Farmhouse Kitchen is a cookery series that was produced by Yorkshire Television and aired on the ITV network from 1971 until 1990. It was hosted by Dorothy Sleightholme and later by Grace Mulligan.

The programme, which was shown weekly and usually on a weekday afternoon, was aimed at housewives and homemakers, and sought to educate its viewers by presenting visual demonstrations of old-fashioned British cookery as well as thrifty ways to feed a family on a budget. Yorkshire Television published a number of cookbooks containing recipes from the show: Farmhouse Kitchen (1975); Farmhouse Kitchen II (1978); Farmhouse Kitchen book 3 (1982); Farmhouse Kitchen microwave cook book: a fourth book based on the Independent Television series presented by Grace Mulligan (1986); Farmhouse Kitchen: cooking for one & two (1988).

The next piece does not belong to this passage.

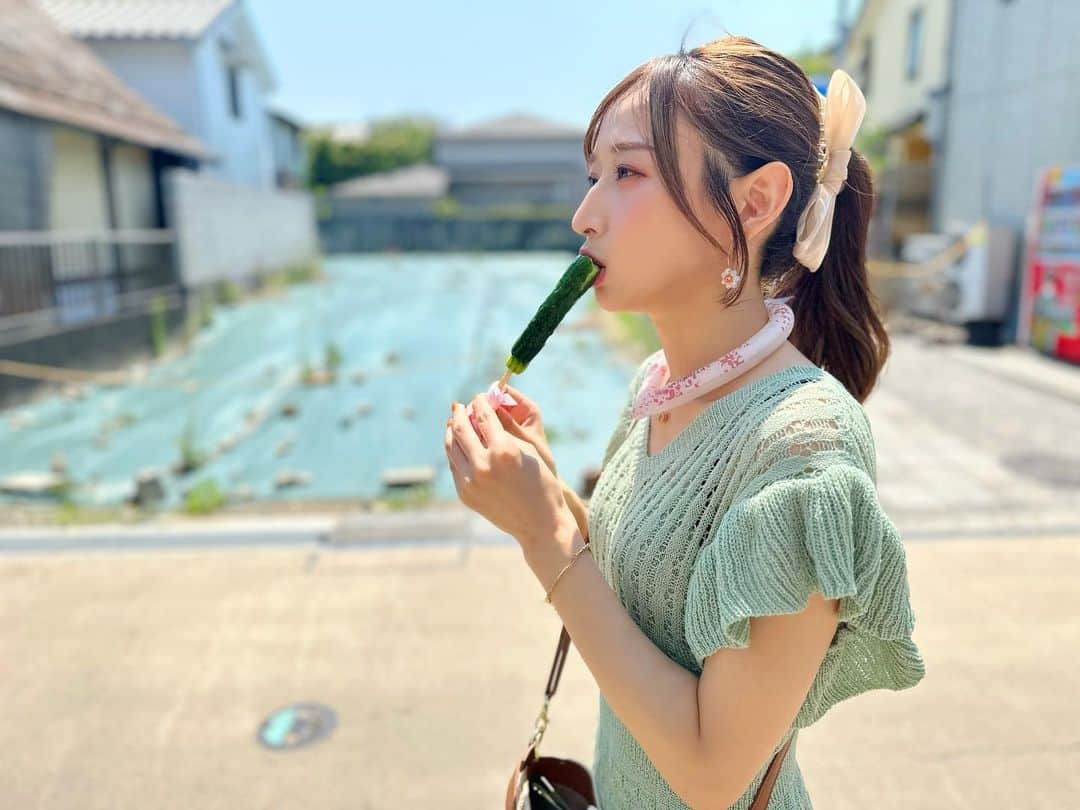 井坂仁美さんのインスタグラム写真 - (井坂仁美Instagram)「🤍  きゅうり🥒  台風が近づいてきてて、ドキドキしてます🫣💦皆んなも備えてくださいね。  お墓参りもどうしようか考えてます…。台風が過ぎ去ってから綺麗にした方が良いのでは？と思ったり。でもお盆だし…🤔  みんなはどうします？」8月12日 22時41分 - hitomi_ankh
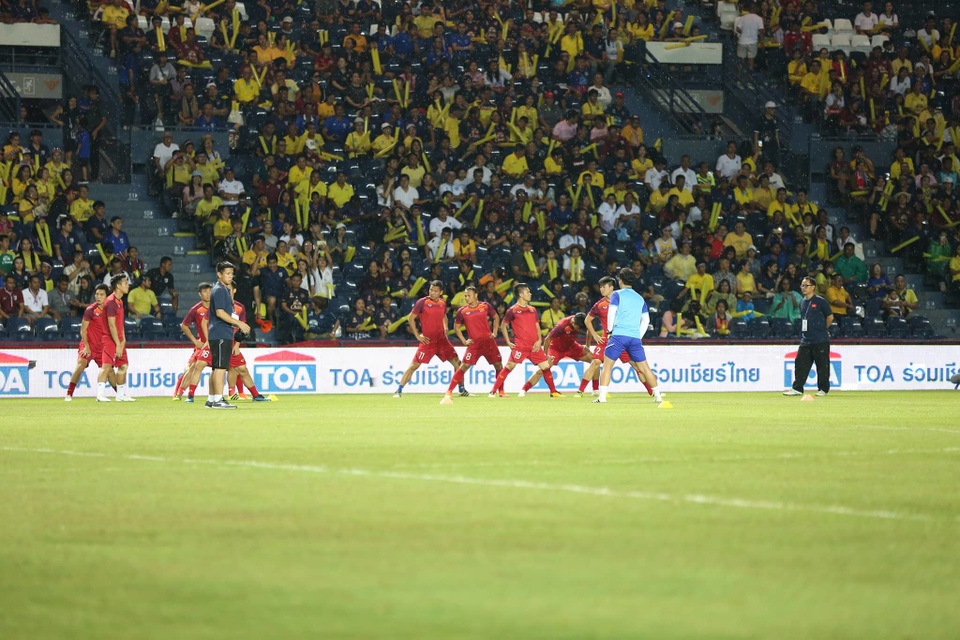Thái Lan 0-1 Việt Nam: Bàn thắng phút bù giờ của Anh Đức - 24 Thái Lan 0-1 Việt Nam: Bàn thắng phút bù giờ của Anh Đức - 24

Dorothy Sleightholme was born in 1911, and she retired from the programme at the end of 1981. She lived in Pickering, North Yorkshire. It has been mistakenly said in numerous articles that she died in a car accident, but this is not the case. A frequent guest to the programme, Grace Hugill from Bramham, West Yorkshire, died in a car accident on Saturday 1 November 1980. Dorothy Sleightholme died in 1983.

Grace Mulligan took over presenting duties in 1982. Celebrity guest cooks such as Mary Berry and Rick Stein were invited onto the programme, and viewers were invited to send in their own recipes to be cooked onscreen. Grace Mulligan died in 2018 at the age of 91.

The memorable, vibraphone-heavy theme music was "Fruity Flutes" by Reg Wale.